La ville de Veliko Turnovo est une vraie merveille. Située dans les méandres de la rivière Yantra, elle ressemble à une ville du moyen-âge. L’ancienne citadelle du XIIe siècle trône au milieu de la colline qui est entourée de toute part par la rivière. Une seule voie autorise l’accès à ce château fort naturel. La ville moderne possède également beaucoup de charme avec ses ruelles animées. Bien moins agité que Sofia, Véliko Turnovo est le point de départ rêvé pour de grandes escapades à pied. Les montagnes environnantes regorgent de monastères tous plus intéressants les uns que les autres. Les fresques qui les composent rivalisent de tailles, de finesses et de couleurs pour décrire bien souvent des scènes de l’Ancien Testament. Dans nombre d’entre eux, il est possible de dormir et ainsi de partager sommairement la vie de la communauté de moines qui vivent dans les lieux.
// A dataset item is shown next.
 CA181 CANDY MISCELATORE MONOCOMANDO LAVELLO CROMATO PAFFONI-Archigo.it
Après cette retraite spirituelle, le cap est mis sur la côte de la Mer Noire pour une descente vers la Turquie. Cette côte de sable blanc est le meilleur ambassadeur de Bulgarie depuis que les tour-opérateurs ont compris qu’il y avait là beaucoup d’argent à se faire. Le complexe de Sunny Beach par exemple est composé d’une centaine d’hôtels tous plus hauts les uns que les autres. Des Allemands y viennent en vacances par milliers dès les premiers rayons de soleil de l’année. Les prix sont deux fois supérieurs à ceux de l’intérieur du pays et du coup en interdisent l’accès à la majorité de la population bulgare. Du temps de la guerre froide, de gros complexes hôteliers parquaient déjà de nombreux touristes friands de soleil à « pas cher » mais maintenant le standard international impose presque des plages différentes selon la largeur de votre porte-monnaie car beaucoup d’entres-elles sont privées. Heureusement près des villes de nombreuses plages permettent des baignades plus authentiques. Certains villages de pêcheurs vous emmènent même pour un dépaysement total.
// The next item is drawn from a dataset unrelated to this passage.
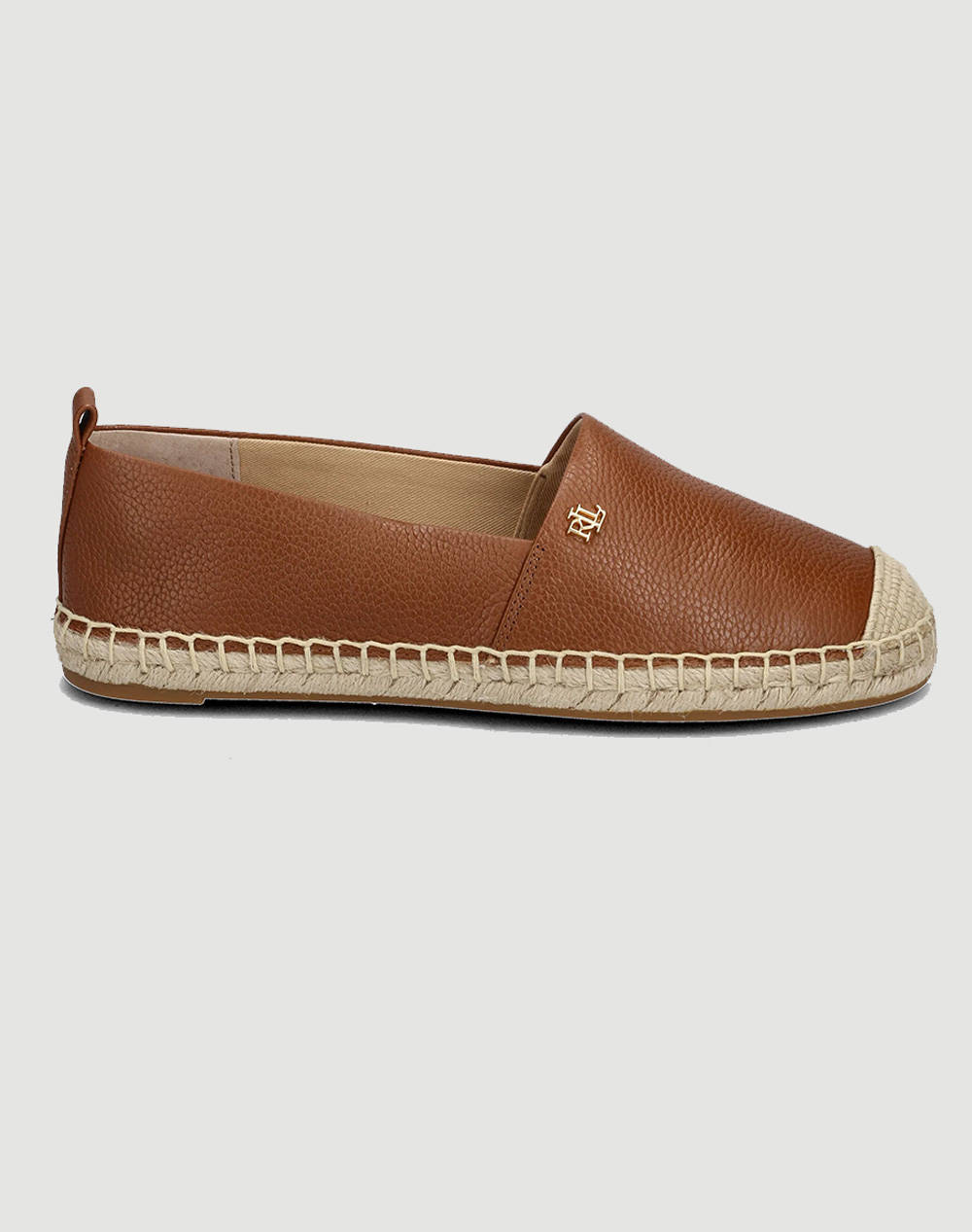 Ralph lauren cameryn iv-espadrilles-flat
En guise de conclusion, sur 2500 kilomètres parcourus pendant un mois et demi, cette façon de voyager, par la piste et en dormant dans le véhicule, nous a souvent ouvert des portes qui ne l’auraient peut-être pas été aussi grandes autrement. Le cyrillique n’est qu’un faux problème car l’on apprend vite à reconnaître les caractères et ainsi à se diriger sans trop de soucis. Seule la langue a posé quelques difficultés mais une fois assimilé les signes de tête, les sourires et quelques dessins seront d’une grande utilité pour partager les moments d’extrêmes gentillesses d’un peuple qui n’a rien mais qui n’hésitera pas à dépenser une semaine de salaire dans un repas festif de bienvenue. Vous l’avez compris, il n’y a plus qu’à y aller.
Bulgarie en bref
Situation : Sud de l’Europe de l’Est dans les Balkans.
Superficie : 111 000 km2
Population : environ 9 millions d’habitants
Capitale : Sofia
Climat : continental. À Sofia : de –4 à 2°C en janvier et de 16 à 27°C en juillet.
Religions : Orthodoxes bulgares, musulmans
Monnaie : Le leva (1 leva = 0,5 euro).
Décalage horaire : 3 heures
Route : Le réseau principal est en état correct. Sur le réseau secondaire, attention aux nids-de-poule.
Santé : RAS
Langue : le bulgare, attention tout est inscrit en alphabet cyrillique.
Avion : Paris/Sofia à partir de 250 euros, 2h45 de vol.
Formalité : le passeport seul suffit, encore valable six mois après l’entrée dans le pays.